Monday, February 11, 2019

Humboldt's Gift by Saul Bellow


My sister Maureen gave me this book on Christmas in 1977 when she was a freshman at Fordham University and I was a junior in high school.  I don't know if she'd read it - when I reminded her of the gift two weeks ago, she had no idea what I was talking about - or if, at the time, she'd read it was Bellow's impassioned extension of his friend with the great doomed poet Delmore Schwartz, and figured, since at age 16 I was talking great guns about becoming a poet, that it was a gift that would sit right with me.

But I've just finished it for the first time, I will confess.  Although I'm a Saul Bellow fan - his Adventures of Augie March certainly makes my top ten American Novels list, and I've read several others and fervently admire them for their intellect.  

And what a staggering book! Infuriating, too.  

He [H] said that history was a nightmare during which he was trying to get a good night's rest.

Well, we woo one other with everything we've got.

Look, professor, you don't mix things up. That's not what a wife is about. And if you have a funny foot you have to look for a funny shoe. And if you find the right fit you just let it alone.

acts of exalted violence by dedicated ideologists to shock the bourgeoisie and regenerate its dying nerve.

Blake was naked and saw man naked, and from the center of his own crystal.

At the center of the beholder there must be space for the whole, and this nothing-space is not an empty nothing but a nothing reserved for everything

'Though you are said to be alive you are dead. Wake up and put some strength into what is left, which must otherwise die.' That's from the Revelation of Saint John, more or less.

By means of music a man affirmed that the logically unanswerable was, in a different form, answerable. Sounds without determinate meaning become more and more pertinent, the greater the music.

[Humboldt] "I ask myself why you figured so prominently in my obsessions and fixations. You may be one of those people who arouse family emotions, you're a son-and-brother type. Mind, you want to arouse feeling but not necessarily to return it. The idea is that the current should flow your way."
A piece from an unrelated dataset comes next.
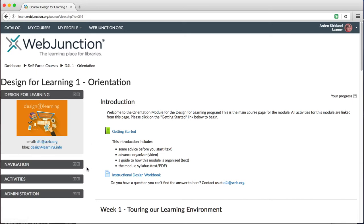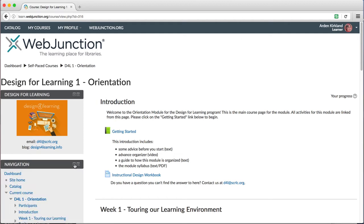Under that is the navigation block. If this is collapsed, you can click on the plus sign on the top right to expand it.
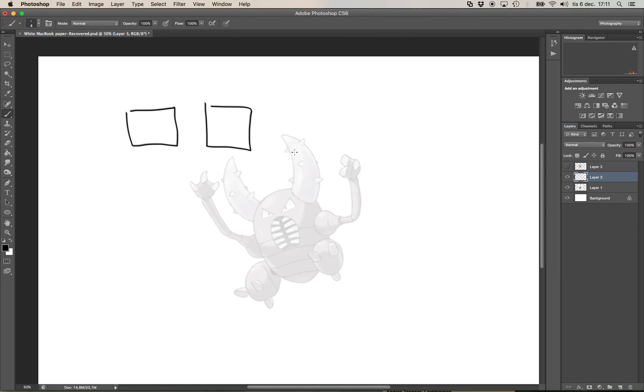This is of course annoying because if you draw something wrong you would like to be able to press CTRL Z to make something disappear.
[Humboldt] "Good old Henry James, of whom Mrs. Henry Adams said that he chewed more than he bit off..."


[Humboldt quoting William Blake] "Fun I love, but too much fun is of all things the most loathsome. Mirth is better than fun, and happiness is better than mirth. I feel that a man may be happy in this world. And I know that this world is a world of imagination and vision. I see every thing I paint in this world, but everybody does not see alike. To the eyes of a miser a guinea is far more beautiful than the Sun, and a bag worn with the use of money has more beautiful proportions than a vine filled with grapes. The tree which moves some to tears of joy is in the eyes of others only a green thing which stands in the way. Some see nature all ridicule and deformity, and by these I shall not regulate my proportions; and some scarce see nature at all. But to the eyes of the man of imagination, nature is imagination itself. As a man is, so he sees."